How to Deal with Female Ejaculation Messes

After reading the book Female Ejaculation and the G-Spot by Deborah Sundahl, I've been thinking hard about the inherent prejudices against the sexy women who gush, squirt, dribble, or spray. While other women are joyfully getting their groove on any and everywhere, we are discriminated against in the arena of sexual possibility: we can't do it in cars, hotel rooms, beds, couches, sofas, our parents' guest bedroom, or anywhere else covered in fabric or where other people could see the proof of our "playing." *sob* It's a hard life.

So, if having sex for the rest of your life on cold, painful, hard tile floors is not appealing to you (me, either!), I have amassed some resources from internet research, sex toy websites, the wisdom of my girfriends, and years of experience. Here are a few trinkets that should do the trick:

1. The most obvious (and most unappealing) answer is to just have sex in places where it won't matter if you spray and where cleanup is easy. These include the outside (ick!), the shower (I hate standing up for sex!), or hardwood/tile/linoleum floors (ow!).

2. The next, but equally unappealing, suggestion is to change the sheets (and bedcover, and blanket, and pillows, and mattress cover, and mattress if you're like me...). Again, good sex deserves to be rewarded with good cuddling and sleep, not hopping your naked butt out of bed to do laundry!

3. Towels. Lots and lots of towels. Put them under your butt, and have more ready nearby so you can just change them out as you soak through. Of course, the downside is it's hard to aim for one tiny towel during a rompin' good time, it kills the mood to stop and change towels mid-scene, and you can still soak through to the bedding.

4. Aim for the man. Let's face it, I've never met or heard of a guy who was not absolutely thrilled with female orgasm. Most are willing to drink it; though some may balk at that, none mind getting it on their skin. It's easier to wash a man than a sheet.

5. Get creative with your mattresses. One idea is to put two made mattresses on your bed. After sex, throw the top one on the floor and sleep on the warm, dry one underneath. Another idea is to buy a plastic mattress cover. Or, if you don't like creaking your way through sex, buy an inflatable plastic bed that you can just hose off afterward.

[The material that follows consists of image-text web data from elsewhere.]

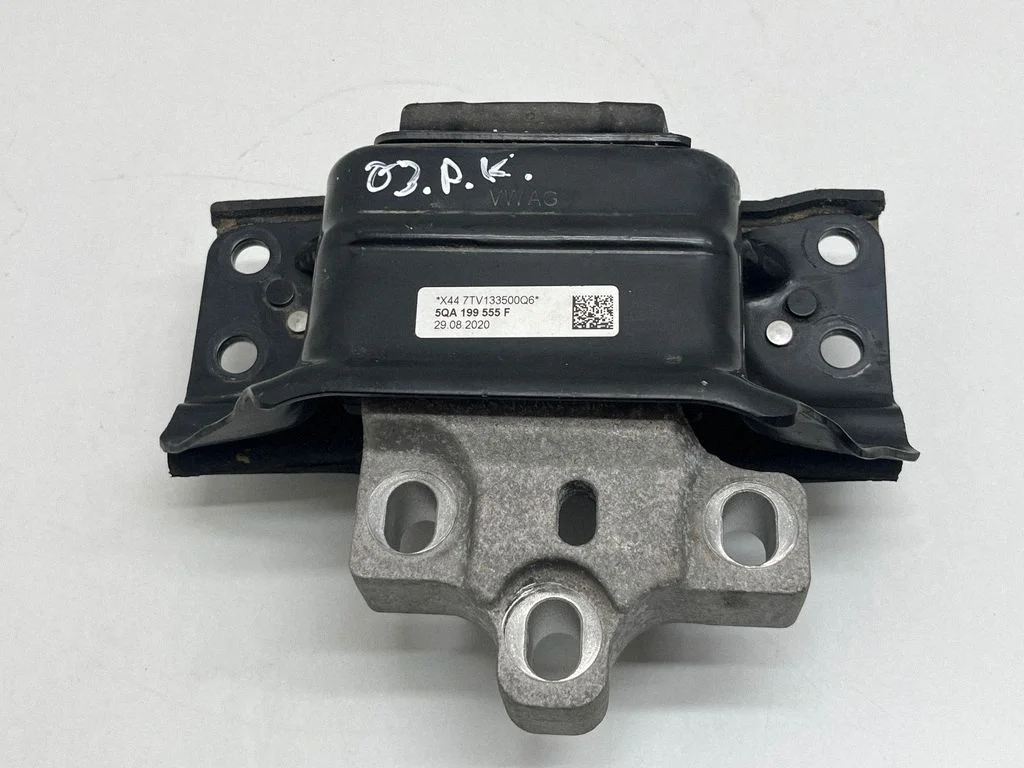 Dzinēja spilvens 5QA199555F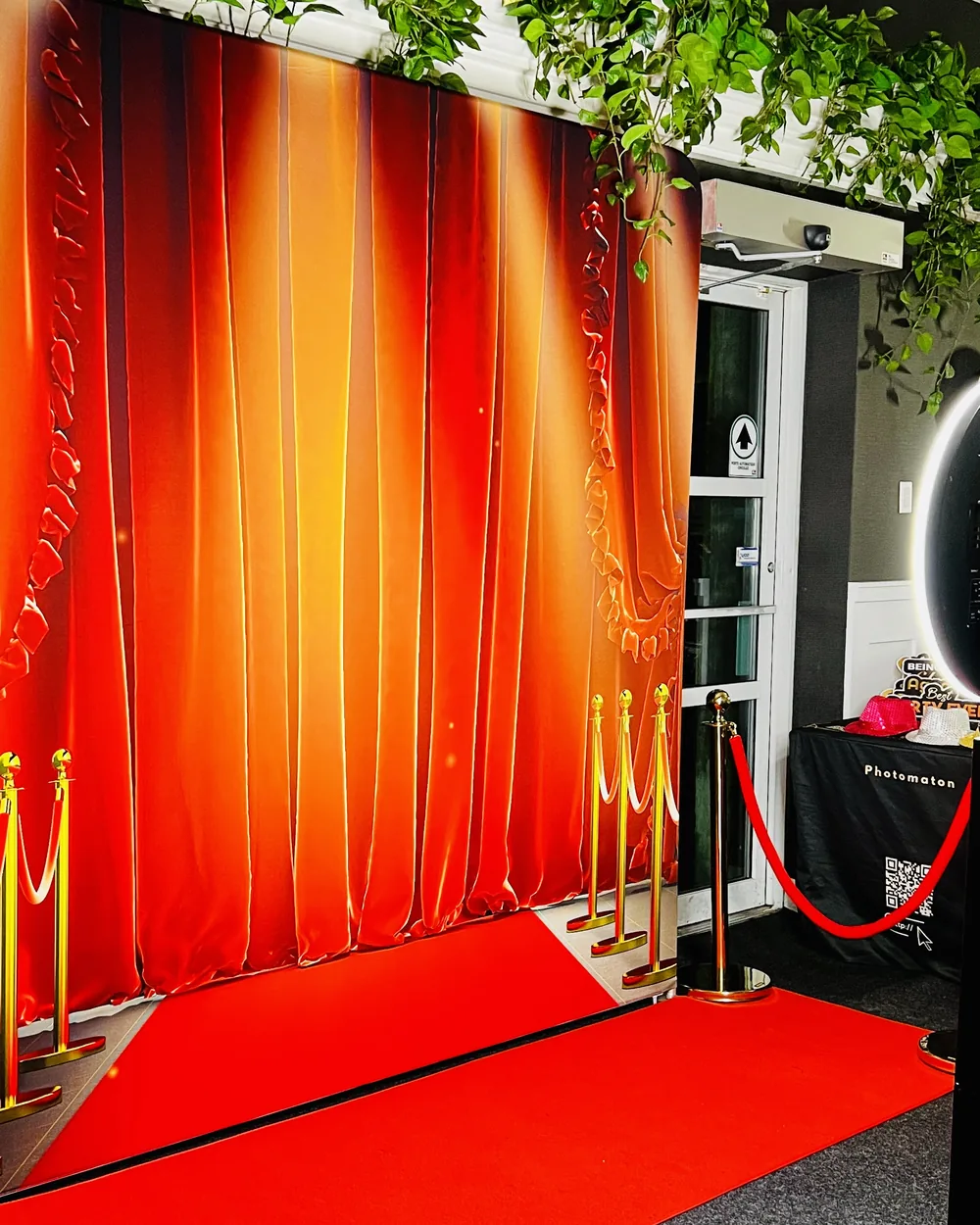 Invitados en el photobooth con marca durante un evento corporativo en Miami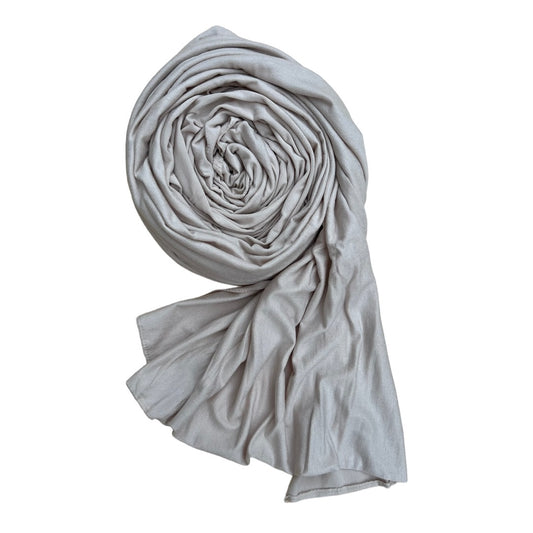 Nahila offre une collection de hijab jersey de plusieurs coloris, Hijab Jersey aussi appeler voile foulard châle disponible à l'île de la Réunion sur nahila.re
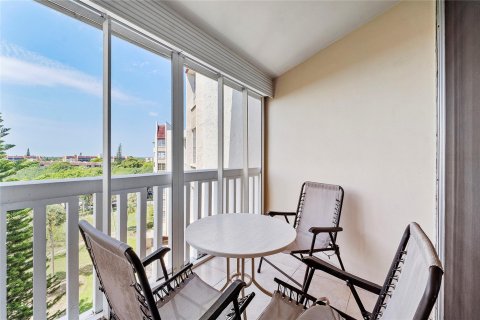 Condo in Lauderhill, Florida, 2 bedrooms  № 1186973 - photo 27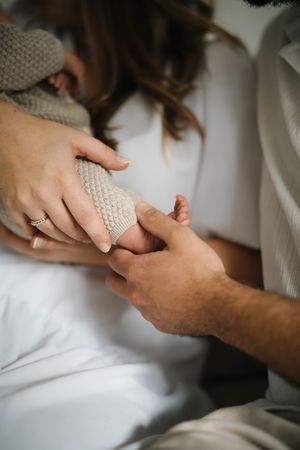 Baby und Eltern Detailaufnahme Hände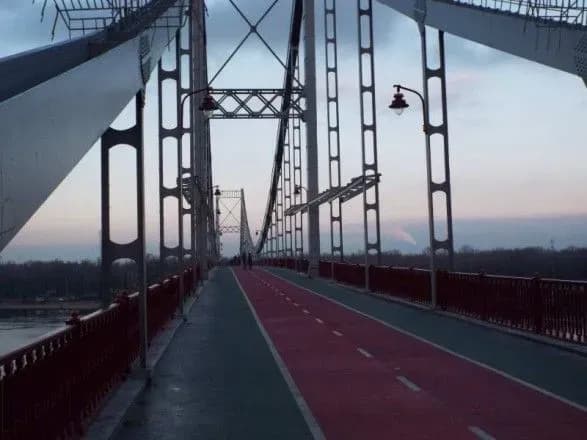 na-trukhaniv-ostriv-obmezhat-rukh-cherez-pishokhidniy-mist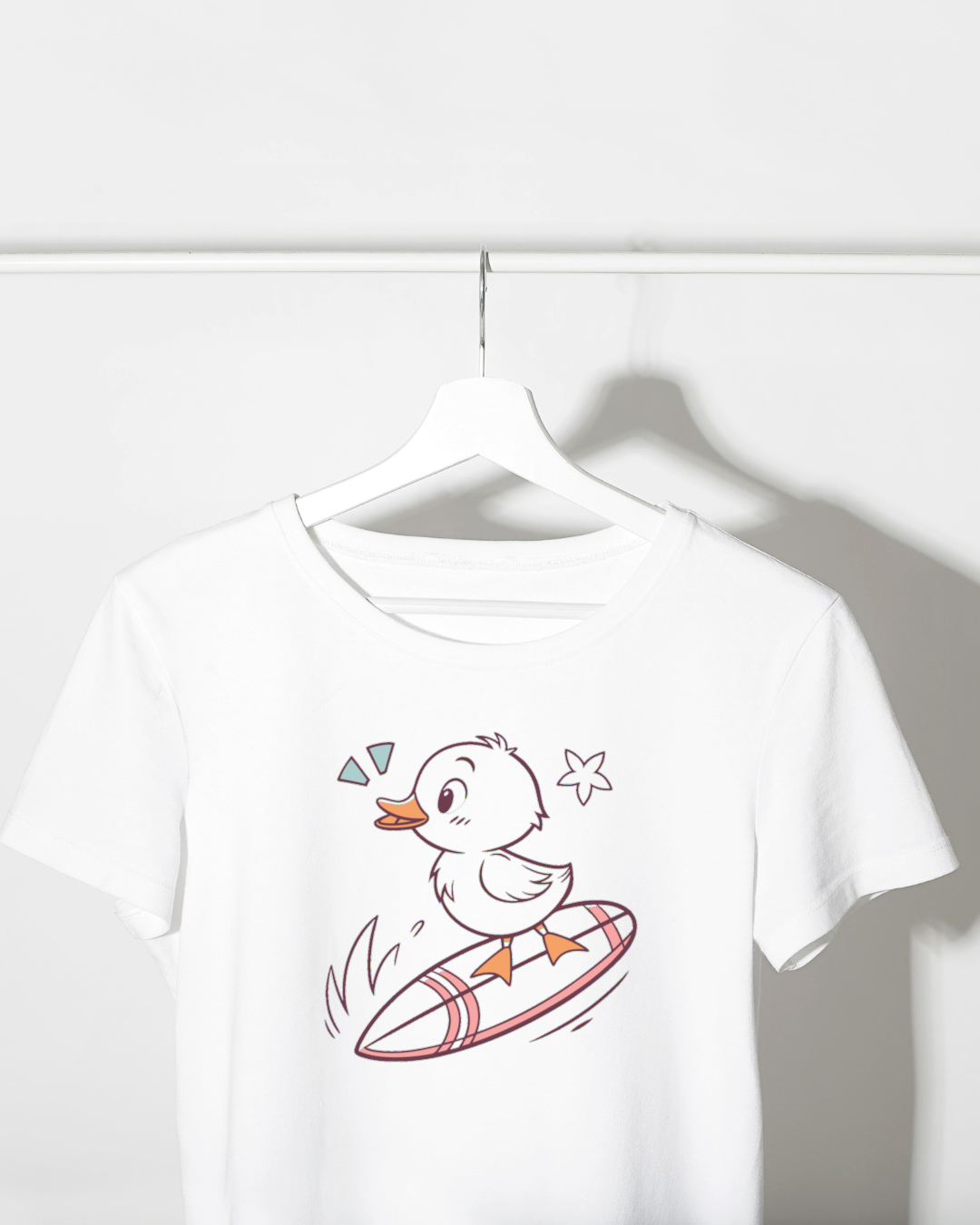 T-shirt avec un motif de caneton surfeur joyeux sur fond pastel ambiance estivale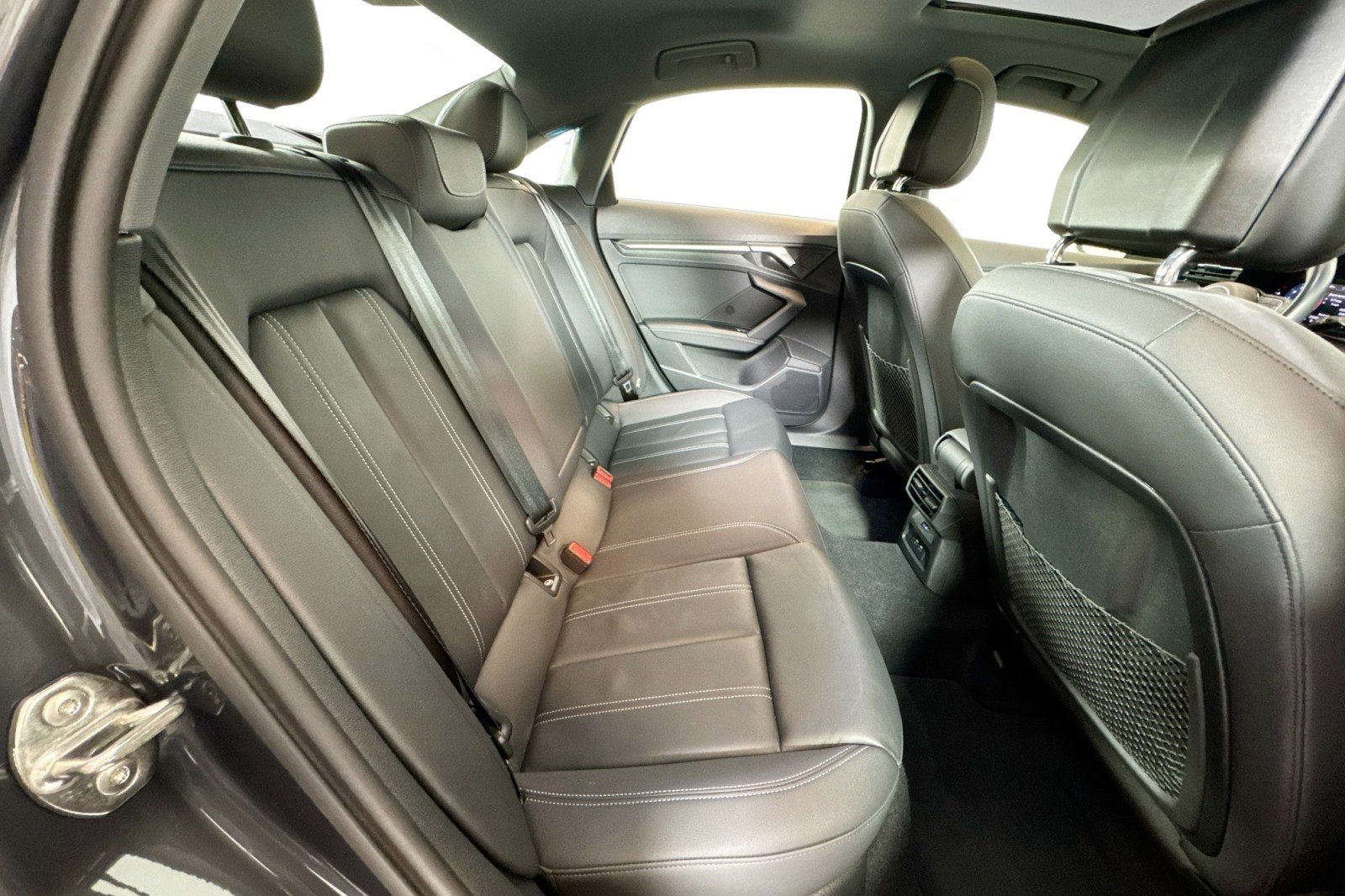 Used 2024 Audi A3 2.0T Premium w/ Convenience Package image 26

6. Buy a commercially-made furniture protector for this very purpose. I found several sex toy stores that carry them. Holistic Wisdom has a waterproof throw for $85. Getinthemood.com sells disposable Luv Liners for $12.99 and washable Luv Linens for $36 (although I feel compelled to mention the site isn't very professionally done and has spelling and grammatical errors at a high school level). A Woman's Touch sells a Liberator's Shag/Satin Thro for $86. Have fun, wash, and reuse.